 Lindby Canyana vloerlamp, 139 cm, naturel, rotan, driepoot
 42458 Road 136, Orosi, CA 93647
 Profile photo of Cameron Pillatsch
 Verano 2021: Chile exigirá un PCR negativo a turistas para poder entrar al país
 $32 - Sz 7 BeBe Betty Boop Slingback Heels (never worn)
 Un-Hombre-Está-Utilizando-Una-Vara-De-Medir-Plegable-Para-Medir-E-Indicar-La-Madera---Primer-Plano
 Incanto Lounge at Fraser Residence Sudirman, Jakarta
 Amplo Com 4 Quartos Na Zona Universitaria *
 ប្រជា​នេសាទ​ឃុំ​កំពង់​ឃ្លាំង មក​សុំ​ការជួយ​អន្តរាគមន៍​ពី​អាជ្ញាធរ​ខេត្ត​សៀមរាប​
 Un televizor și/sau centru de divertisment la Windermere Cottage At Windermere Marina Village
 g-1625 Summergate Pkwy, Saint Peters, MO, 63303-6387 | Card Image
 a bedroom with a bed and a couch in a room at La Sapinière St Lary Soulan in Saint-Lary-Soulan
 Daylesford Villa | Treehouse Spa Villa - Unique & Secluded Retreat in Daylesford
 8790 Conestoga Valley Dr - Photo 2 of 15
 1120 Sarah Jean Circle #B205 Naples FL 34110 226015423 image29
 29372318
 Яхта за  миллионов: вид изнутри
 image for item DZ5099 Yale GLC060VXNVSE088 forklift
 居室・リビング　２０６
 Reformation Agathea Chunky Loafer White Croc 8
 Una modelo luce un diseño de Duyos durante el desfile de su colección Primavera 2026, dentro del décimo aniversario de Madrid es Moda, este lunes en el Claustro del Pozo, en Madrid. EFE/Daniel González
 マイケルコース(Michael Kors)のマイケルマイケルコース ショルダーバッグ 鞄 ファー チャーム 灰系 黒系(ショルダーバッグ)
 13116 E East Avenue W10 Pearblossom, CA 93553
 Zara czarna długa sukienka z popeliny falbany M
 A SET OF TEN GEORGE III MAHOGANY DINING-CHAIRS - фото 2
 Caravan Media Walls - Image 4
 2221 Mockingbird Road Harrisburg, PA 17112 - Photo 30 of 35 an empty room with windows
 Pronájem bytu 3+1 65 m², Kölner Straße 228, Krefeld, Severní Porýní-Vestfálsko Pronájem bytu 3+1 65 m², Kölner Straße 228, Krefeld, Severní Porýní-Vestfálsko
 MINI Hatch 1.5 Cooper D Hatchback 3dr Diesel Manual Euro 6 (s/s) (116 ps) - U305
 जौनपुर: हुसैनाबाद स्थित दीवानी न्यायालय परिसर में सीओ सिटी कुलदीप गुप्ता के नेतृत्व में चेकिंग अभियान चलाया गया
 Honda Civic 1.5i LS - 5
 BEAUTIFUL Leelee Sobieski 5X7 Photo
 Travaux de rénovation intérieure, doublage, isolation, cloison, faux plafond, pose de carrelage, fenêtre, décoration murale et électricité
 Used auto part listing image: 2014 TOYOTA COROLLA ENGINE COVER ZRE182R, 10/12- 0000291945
- - -
**AIM OF THE TASK:** Set down, exactly as they appear, the lines above from the first one to the line that holds "Reformation Agathea Chunky", both included, please, and no others.

**RESPONSE BELOW:**
 Lindby Canyana vloerlamp, 139 cm, naturel, rotan, driepoot
 42458 Road 136, Orosi, CA 93647
 Profile photo of Cameron Pillatsch
 Verano 2021: Chile exigirá un PCR negativo a turistas para poder entrar al país
 $32 - Sz 7 BeBe Betty Boop Slingback Heels (never worn)
 Un-Hombre-Está-Utilizando-Una-Vara-De-Medir-Plegable-Para-Medir-E-Indicar-La-Madera---Primer-Plano
 Incanto Lounge at Fraser Residence Sudirman, Jakarta
 Amplo Com 4 Quartos Na Zona Universitaria *
 ប្រជា​នេសាទ​ឃុំ​កំពង់​ឃ្លាំង មក​សុំ​ការជួយ​អន្តរាគមន៍​ពី​អាជ្ញាធរ​ខេត្ត​សៀមរាប​
 Un televizor și/sau centru de divertisment la Windermere Cottage At Windermere Marina Village
 g-1625 Summergate Pkwy, Saint Peters, MO, 63303-6387 | Card Image
 a bedroom with a bed and a couch in a room at La Sapinière St Lary Soulan in Saint-Lary-Soulan
 Daylesford Villa | Treehouse Spa Villa - Unique & Secluded Retreat in Daylesford
 8790 Conestoga Valley Dr - Photo 2 of 15
 1120 Sarah Jean Circle #B205 Naples FL 34110 226015423 image29
 29372318
 Яхта за  миллионов: вид изнутри
 image for item DZ5099 Yale GLC060VXNVSE088 forklift
 居室・リビング　２０６
 Reformation Agathea Chunky Loafer White Croc 8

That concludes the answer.